Era atroz, y yo no puedo sino recoger su lamentación, tal y como fue formulada, en toda su desnudez. Es algo tan serio, tan profundo, que no se puede jugar con las palabras. También decía:
—¿El amor? ¿Por quién? ¿Por un hombre viejo? ¡Qué horror! ¿Por un joven? ¡Qué vergüenza! Si yo tuviera esa desgracia, huiría,
me escondería.
De hecho, ¿por qué habría camuflado su pasado, si, abandonándose a la molicie de su retiro de anciana, hubiese renunciado a su porvenir? Su regreso coronaba toda la serie de sacrificios consentidos, todas las renuncias de Coco en favor de Chanel.

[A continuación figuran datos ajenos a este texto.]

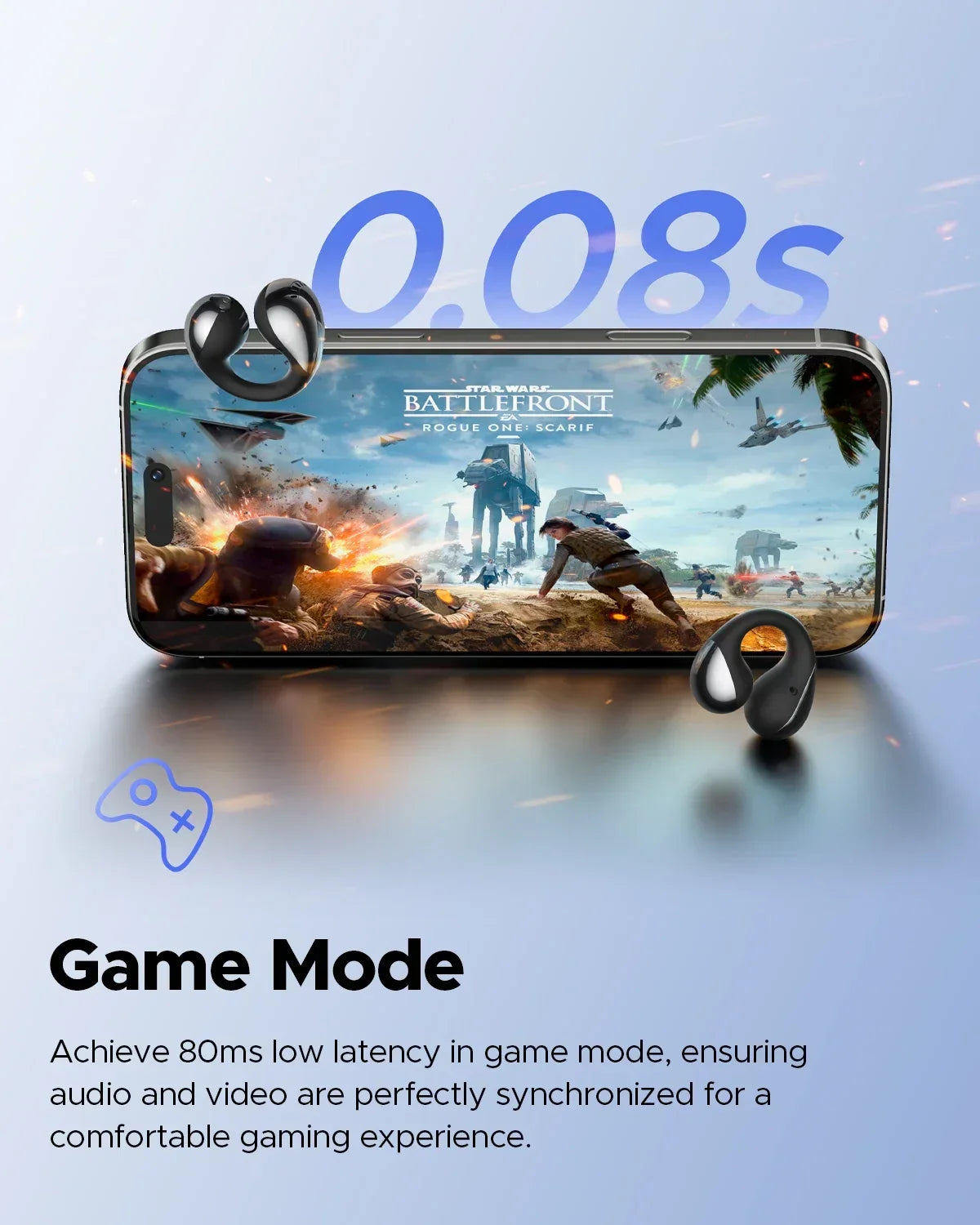 2026 Wireless Headset Bluetooth 5.4 Earplug Earphone PearlClip Pro Supports AI ENC clear Call Multipoint Connection And IPX5.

En 1954, cuando mademoiselle Chanel abrió de nuevo su casa, algo maravilloso tocaba a su fin: la liberación, un período probablemente único en la vida de un país rico y capitalista. Durante más de diez años el dinero iba a perder su importancia. Manchado por la ocupación, se escondía, como un oso herido que permanece oculto en el fondo de su caverna para lamerse las heridas producidas por los perros de los que acaba de escapar. Después de la liberación de París, los periódicos y las casas de costura surgían como setas, por cuatro chavos de nada. Montaban obras sin comanditarios, sin productores. Con sus notas de gastos, un periodista podía creerse Rothschild. Epoca milagrosa; el existencialismo nacía en la bodega del Tabou, los letristas se subían a los pedestales de las estatuas para bramar oratorios desprovistos de todo sentido, delante de mirones pasmados; y los agentes de policía intentaban comprender algo. Todo el mundo tenía una cita en Saint-Germain des-Prés. Entre el Flore, el Montana, el Bar Vert y el Tabou, los reporteros del Life, acodados en los mismos bares, todos reunidos, encontraban todo cuanto de curioso y de interesante emergía de la noche de la ocupación. Allí fue donde yo tuve por primera vez contacto con la alta costura, al hacer amistad con Pierre Balmain, que se disfrazaba de cow-boy para bailar los ritmos de Boris Vian, y con Jacques Fath, que mostraba París a jóvenes norteamericanos. Los salones dormitaban entre vapores de naftalina. Cuando los Fath me llevaban a cenar a su castillo de Corbeville, su chófer vietnamita tenía que llevar los cubiertos y los platos. En el castillo no había absolutamente nada en los cajones, ni la más mínima botella en la bodega. Las gallinas de la granja modelo no ponían huevos más que después de las formidables cóleras de Genevieve Fath.